Monday, May 01, 2006

May Day

Cinco de Mayo is four days away so why is May first the day for the Mexican immigrant protests? The answer is that today is more important to the organizers than the 5th.

For several decades, May 1 has been associated with workers' rights, especially in communist countries. A big organizer of the protests is International ANSWER which is closely related to a communist group.

Their tactics are based on revolutionary tactics. Today is a general strike. This is meant to force the US to agree to the demonstrators' demands, mainly instant legalization.
This means that non-Americans will be using the radically un-American tactic of a general strike in order to pressure Congress into acting in their interests, rather than in the interests of the American people. Yet what right do non-citizens have to influence political decisions about the American nation at all? People who are not citizens of the US do not have the right to vote or to hold office. But if we refuse to give non-citizens the traditional political rights of an American citizen, what sense can there be in extending to them the dubious right to use the streets as a path to political power: a right that the American tradition has always repudiated?
Do the marchers understand what they are doing? MSNBC has this quote:

"If I lose my job, it's worth it," said Cruz, who has a temporary work permit that is granted to many Central Americans. "It's worth losing several jobs to get my papers."

This man isn't even an illegal immigrant. He has work papers. Clearly the scope of the debate is shifting.

It is shifting in Mexico, also. President Fox has called it patriotic to continue to speak English in America. His likely successor Manuel Lopez Obrador, has proposed making the United States a 6th Mexican voting district.

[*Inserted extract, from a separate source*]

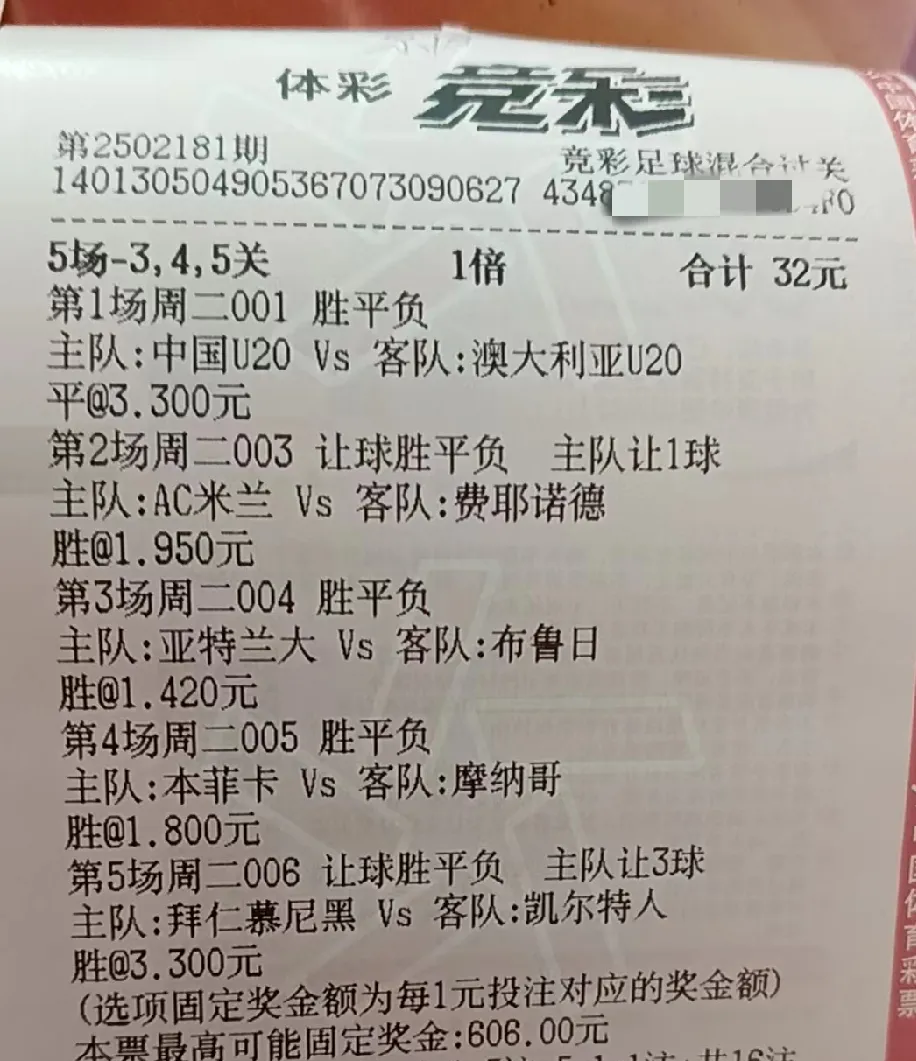 奥克兰队力克对手，成功晋级下一轮争夺胜利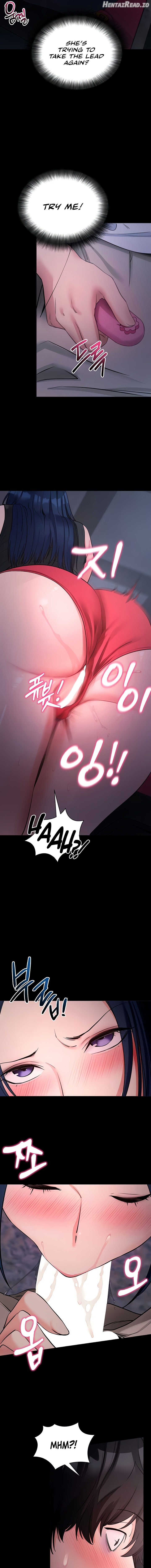 Please, Please Chapter 23 - page 15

Between demands for legalization of anyone who wonders over our boarder, granting driver's licenses to all residents, and proposed voting reform that lets anyone with a driver's license vote, the entire concept of American citizenship is under attack.

As I've said before, I'm all for immigration as long as it is on our terms. This includes the expectation that the immigrants will learn English and become citizens. I don't care at all for the American labor market being co-opted as a subsidiary of the Mexican economy.

Two years ago gay rights were gaining ground. Many states supported some form of domestic partnership. Had gay leaders accepted this as a temporary victory and waited for a decade, they would probably have eventually won support for gay marriage. Instead they rejected domestic partnership and pushed for full marriage to be recognized in every state. This prompted several state constitutional amendments outlawing both.

Illegal immigrants are following the same path. Political progress comes slowly and attempts to force it usually cause a matching counter movement. By making unreasonable demands, the immigrants are turning off people who had been generally supportive of them.